The Lowdown On Merchant Cash Advances

If you’re a female entrepreneur in the U.S. today, and are searching for some means to fund your venture or tackle an emergency situation that has arisen within your business, you’ll doubtless already have browsed your options online. During your search, you may have found traditional loans from banks, instalment loans or credit cards for small businesses, but you may not have discovered an alternative model for financing known as a merchant cash advance. 

Read on to find out more about merchant cash advances and whether they could help you fund your business.

What exactly is a merchant cash advance?

MCAs enable small businesses to borrow a sum of money in a lump amount that they can use for any purpose, and pay the lender back with a percentage of their credit card transactions in the future. 

Things to think about when applying for an MCA

Just as applies with all forms of financial loans, you should carefully consider how much you’re likely to qualify for, the terms of repayment, whether any kind of guarantee is necessary, the approximate APR and how quickly can you receive the funds. 

What does failure to pay an MCA result in?

You are at risk of being sued if you break the terms of your contract, so it’s advisable to be open and honest with your lender as to your capabilities of repaying the loan should you encounter unanticipated problems; payments and schedules may be negotiable. 

What is a merchant cash advance calculator?

An MCA Calculator can help small business owners determine whether they’re actually getting a good deal with a merchant cash advance. This is often tricky to ascertain as a result of the non-traditional format method used to determine fees and collect repayments. 

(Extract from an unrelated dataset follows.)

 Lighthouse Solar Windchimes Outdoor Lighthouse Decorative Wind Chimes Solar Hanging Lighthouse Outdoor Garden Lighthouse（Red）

With the help of such a calculator, you can arrive at an approximate figure for daily repayments, and how many days it will take you to repay it. Additionally, it can give you some other important details about the loan, such as:

  • Amount advanced: expressed as a dollar amount, this is the figure the merchant receives from the MCA lender. 
  • Payback amount: expressed as a dollar amount, it’s the total needing to be repaid to the MCA lender
  • Factor rate: written as a decimal and not a percentage, this multiplier is used to arrive at the payback amount
  • Administrative cost: expressed as a dollar amount, this refers to the fees the MCA lender will deduct from the advanced amount before they send it to you. 
  • Monthly credit card sales: expressed as a dollar amount, these are your monthly credit card sales averaged out
  • Percentage of sales withheld: expressed as a percentage, this is the amount withheld from your daily sales by your chosen MCA lender. 
  • Approximate daily repayment: while this number will fluctuate, it can help you determine how much you’ll need to pay back every day. 
  • Approximate days to repay: again, while the numbers may fluctuate according to your sales, this figure gives you an idea of how many days you will be able to repay the loan in
  • Effective APR: this stands for the Annual Percentage Rate
  • Financing cost: inclusive of the factor rate (fixed fee), this gives you the amount you’ll need to pay in fees for your advance
  • Total repayment: this includes the fixed fee, advanced amount and all administrative costs and is the total amount you’re required to pay
  • Cents on the dollar: what you pay in fees for every dollar borrowed 

Knowing whether business loans for women or merchant cash advances are the right kind of loan for your business, isn’t always easy, but by using an online calculator, you can at least come to a decision from a place of knowledge and understanding.